Let's certainly keep an eye out for the GOP competitors fighting to take on crazy Rep. Alan Grayson (D-Fla.). At the top of the ticket is Bruce O'Donoghue, but there's six other competitors which could slice and dice this race into GOP oblivion. Then there's the 24th district, where Karen Diebel and Craig Miller are leading the field for the honor of challenging Rep. Suzanne Kosmas (D-Fla.). Both Grayson and Kosmas are highly vulnerable this cycle and sit in very evenly divided districts.
In Arizona, Sarah Palin has endorsed Paul Gosar in a crowded GOP primary in Arizona's 1st district. He's got the lead among no less than eight Republican opponents, including 2008 nominee Sydney Hay, all of whom have been courting tea party support. They're vying for the chance to take on sitting Rep. Ann Kirkpatrick (D), who is sitting in a 6 Republican district and voted for health care. In other words, they're hungry hyenas. Similarly, in Arizona's eighth district, state Senator and Iraq veteran Jonathan Paton faces another Iraq veteran Jesse Kelly to earn the privilege of taking on Rep. Gabrielle Giffords — one of Pelosi's favorite puppets.

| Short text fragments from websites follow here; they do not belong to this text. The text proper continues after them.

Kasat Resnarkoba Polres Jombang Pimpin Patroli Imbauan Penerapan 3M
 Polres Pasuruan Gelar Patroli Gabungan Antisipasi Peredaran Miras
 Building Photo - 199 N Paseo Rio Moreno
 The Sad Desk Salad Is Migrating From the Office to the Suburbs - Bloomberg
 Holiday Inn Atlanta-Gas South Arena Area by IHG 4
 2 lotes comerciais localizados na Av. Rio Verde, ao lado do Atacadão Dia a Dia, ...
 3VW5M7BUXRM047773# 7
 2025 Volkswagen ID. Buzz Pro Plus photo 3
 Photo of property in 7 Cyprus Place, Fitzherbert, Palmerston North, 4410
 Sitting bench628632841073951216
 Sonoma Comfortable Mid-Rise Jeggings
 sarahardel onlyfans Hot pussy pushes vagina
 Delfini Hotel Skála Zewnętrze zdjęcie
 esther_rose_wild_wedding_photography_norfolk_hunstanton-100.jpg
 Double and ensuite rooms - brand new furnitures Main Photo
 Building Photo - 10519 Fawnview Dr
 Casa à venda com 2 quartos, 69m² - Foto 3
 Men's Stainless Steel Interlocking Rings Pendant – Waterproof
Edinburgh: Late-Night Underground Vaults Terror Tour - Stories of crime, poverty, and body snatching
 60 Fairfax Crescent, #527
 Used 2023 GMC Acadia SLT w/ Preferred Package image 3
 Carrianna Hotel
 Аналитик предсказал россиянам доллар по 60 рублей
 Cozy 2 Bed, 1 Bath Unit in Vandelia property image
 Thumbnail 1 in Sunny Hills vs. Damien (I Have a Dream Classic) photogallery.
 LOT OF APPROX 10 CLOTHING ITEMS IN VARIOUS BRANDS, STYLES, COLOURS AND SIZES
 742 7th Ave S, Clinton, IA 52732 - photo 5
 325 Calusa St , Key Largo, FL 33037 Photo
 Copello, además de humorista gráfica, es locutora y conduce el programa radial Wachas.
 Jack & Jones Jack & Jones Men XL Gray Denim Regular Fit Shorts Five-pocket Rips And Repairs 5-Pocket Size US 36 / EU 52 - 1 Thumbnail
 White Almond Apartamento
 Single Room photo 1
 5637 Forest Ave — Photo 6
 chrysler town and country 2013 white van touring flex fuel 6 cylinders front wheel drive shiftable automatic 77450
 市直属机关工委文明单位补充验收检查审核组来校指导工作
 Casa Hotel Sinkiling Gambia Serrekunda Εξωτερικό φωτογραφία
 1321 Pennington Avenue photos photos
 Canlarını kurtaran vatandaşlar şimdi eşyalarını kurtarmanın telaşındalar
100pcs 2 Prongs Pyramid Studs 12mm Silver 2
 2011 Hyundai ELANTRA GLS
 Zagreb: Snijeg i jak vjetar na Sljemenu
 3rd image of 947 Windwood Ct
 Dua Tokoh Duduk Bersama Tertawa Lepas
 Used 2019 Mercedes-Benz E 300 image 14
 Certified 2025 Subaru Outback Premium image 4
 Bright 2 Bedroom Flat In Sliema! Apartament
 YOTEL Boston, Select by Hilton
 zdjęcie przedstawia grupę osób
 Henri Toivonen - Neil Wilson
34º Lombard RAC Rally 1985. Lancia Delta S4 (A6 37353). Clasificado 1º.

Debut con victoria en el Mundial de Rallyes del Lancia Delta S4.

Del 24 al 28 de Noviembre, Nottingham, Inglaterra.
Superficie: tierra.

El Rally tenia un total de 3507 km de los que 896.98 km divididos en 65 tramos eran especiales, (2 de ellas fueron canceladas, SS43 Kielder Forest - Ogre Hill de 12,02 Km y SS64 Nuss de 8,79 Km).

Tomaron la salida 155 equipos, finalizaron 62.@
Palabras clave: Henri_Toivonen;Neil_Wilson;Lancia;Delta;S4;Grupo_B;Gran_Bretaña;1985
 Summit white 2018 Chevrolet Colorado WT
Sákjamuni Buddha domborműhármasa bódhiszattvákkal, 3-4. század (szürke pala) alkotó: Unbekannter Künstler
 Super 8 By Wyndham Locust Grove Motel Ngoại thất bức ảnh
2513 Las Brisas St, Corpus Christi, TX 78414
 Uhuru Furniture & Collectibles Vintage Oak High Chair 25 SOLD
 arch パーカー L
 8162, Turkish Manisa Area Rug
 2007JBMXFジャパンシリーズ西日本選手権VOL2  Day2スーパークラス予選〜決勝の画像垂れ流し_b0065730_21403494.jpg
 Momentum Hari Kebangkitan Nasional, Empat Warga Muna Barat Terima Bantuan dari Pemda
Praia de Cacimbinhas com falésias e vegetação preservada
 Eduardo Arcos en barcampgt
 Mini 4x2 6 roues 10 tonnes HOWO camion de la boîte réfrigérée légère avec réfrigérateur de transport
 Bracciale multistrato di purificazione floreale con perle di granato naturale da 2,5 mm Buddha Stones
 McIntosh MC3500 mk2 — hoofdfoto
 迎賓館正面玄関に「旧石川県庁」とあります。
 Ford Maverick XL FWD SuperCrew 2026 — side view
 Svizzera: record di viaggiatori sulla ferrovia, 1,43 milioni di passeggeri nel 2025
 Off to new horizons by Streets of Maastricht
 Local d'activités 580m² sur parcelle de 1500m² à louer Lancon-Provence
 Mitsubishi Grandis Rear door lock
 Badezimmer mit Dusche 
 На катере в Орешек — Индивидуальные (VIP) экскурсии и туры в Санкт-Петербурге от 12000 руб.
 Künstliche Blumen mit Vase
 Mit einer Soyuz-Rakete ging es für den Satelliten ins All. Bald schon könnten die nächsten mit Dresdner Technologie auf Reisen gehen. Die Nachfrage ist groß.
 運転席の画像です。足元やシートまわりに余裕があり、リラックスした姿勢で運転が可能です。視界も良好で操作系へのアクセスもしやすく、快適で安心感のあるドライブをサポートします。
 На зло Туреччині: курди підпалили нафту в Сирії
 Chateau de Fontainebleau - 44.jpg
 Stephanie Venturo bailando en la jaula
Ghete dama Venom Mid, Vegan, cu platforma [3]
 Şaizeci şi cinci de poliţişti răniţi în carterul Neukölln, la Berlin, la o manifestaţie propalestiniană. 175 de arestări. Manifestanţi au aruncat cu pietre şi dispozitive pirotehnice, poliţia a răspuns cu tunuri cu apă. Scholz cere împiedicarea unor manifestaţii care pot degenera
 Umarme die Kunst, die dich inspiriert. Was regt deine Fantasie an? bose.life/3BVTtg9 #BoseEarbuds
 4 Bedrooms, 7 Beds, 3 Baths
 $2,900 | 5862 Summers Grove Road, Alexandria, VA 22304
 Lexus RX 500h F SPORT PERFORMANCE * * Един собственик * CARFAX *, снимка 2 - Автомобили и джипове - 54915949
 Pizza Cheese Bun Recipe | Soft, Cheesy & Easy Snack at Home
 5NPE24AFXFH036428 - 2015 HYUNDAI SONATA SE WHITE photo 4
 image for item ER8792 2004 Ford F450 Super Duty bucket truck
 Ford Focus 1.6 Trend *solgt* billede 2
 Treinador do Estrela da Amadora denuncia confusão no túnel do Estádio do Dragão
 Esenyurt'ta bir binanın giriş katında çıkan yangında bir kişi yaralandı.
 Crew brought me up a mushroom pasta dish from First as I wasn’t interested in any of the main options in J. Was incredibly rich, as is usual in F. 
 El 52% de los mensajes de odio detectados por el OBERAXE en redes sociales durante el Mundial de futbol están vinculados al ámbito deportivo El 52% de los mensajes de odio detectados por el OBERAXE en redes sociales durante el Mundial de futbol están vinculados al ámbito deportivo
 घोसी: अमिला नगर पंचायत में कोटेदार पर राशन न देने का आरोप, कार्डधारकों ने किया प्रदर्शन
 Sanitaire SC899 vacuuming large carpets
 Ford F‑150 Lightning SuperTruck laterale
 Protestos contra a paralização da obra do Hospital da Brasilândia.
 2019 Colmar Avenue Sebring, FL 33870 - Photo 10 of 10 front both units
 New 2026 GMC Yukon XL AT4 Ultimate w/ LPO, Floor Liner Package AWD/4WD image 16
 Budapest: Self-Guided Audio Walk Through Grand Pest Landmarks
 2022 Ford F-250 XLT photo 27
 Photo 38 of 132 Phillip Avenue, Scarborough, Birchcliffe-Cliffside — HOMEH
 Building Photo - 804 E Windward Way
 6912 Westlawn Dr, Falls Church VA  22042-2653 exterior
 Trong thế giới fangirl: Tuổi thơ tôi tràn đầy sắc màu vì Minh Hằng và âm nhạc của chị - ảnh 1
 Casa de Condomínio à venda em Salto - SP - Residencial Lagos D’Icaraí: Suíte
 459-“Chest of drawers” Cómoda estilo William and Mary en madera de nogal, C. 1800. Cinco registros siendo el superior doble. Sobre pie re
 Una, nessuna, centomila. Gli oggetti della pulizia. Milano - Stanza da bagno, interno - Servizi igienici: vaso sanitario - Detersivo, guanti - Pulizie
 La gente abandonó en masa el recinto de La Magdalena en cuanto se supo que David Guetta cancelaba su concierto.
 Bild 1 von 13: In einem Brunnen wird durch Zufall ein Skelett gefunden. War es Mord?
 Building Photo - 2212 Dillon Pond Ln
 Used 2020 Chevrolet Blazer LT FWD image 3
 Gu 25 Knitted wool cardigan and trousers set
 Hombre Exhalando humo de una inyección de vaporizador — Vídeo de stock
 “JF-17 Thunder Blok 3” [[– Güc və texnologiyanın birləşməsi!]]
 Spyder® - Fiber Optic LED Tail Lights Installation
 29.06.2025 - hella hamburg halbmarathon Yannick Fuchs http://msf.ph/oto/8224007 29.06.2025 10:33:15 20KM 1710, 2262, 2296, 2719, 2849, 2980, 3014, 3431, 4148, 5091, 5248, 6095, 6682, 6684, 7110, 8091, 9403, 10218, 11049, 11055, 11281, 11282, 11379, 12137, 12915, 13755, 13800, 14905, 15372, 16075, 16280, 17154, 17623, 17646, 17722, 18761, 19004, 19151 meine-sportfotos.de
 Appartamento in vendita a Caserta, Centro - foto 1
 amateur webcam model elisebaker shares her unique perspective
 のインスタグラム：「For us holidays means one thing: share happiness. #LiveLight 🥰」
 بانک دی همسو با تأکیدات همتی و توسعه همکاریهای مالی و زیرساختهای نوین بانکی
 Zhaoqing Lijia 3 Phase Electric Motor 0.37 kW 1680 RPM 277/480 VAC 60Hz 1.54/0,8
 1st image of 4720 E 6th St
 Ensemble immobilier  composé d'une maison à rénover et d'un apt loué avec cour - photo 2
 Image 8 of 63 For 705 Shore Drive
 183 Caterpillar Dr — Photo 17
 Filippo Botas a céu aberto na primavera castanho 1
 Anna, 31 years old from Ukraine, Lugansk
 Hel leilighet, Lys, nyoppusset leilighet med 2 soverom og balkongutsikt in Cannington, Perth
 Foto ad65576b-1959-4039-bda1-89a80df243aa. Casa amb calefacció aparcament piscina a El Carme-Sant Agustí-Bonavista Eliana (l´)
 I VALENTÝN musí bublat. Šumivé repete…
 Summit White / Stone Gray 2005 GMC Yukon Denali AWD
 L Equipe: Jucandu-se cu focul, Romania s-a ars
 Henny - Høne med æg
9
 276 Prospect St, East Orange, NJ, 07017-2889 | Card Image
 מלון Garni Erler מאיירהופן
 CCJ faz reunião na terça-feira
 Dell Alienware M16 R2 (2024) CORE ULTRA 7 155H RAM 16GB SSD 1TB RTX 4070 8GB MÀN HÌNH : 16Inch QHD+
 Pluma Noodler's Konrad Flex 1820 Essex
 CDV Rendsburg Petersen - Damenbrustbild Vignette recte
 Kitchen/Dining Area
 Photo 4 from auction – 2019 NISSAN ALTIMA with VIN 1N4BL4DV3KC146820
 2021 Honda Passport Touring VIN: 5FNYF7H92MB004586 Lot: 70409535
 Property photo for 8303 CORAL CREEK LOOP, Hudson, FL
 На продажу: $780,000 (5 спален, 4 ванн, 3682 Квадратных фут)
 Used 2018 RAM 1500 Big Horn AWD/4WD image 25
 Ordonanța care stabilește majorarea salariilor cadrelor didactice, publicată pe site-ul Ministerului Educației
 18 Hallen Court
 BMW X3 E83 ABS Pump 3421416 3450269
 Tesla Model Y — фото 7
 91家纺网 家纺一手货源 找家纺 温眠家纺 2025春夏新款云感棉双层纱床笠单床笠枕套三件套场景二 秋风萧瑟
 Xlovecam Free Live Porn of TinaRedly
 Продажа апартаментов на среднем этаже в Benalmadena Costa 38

Let's not forget the GOP Senate primary in Arizona, where Sen. John McCain takes on challenger J.D. Hayworth. Hayworth was looking strong in the polls out of the gate, but has fallen behind towards the finish after McCain spent $21 million slamming Hayworth as a "huckster." That's more money than McCain has spent every single Senate campaign combined since he first won a Senate seat in 1986. He was of course aided by his friend Sarah Palin.
In Alaska, Palin has again made an endorsement, this time against sitting Republican Senator Lisa Murkowski. Most people attribute this to a longstanding grudge from when Murkowski defeated Palin's father in the 2006 gubernatorial primary. Instead, Palin wants attorney Joe Miller to take the race, but polls are showing him lagging behind, probably because of his wide cash disadvantage. Murkowski has high approval ratings and played up her experience card.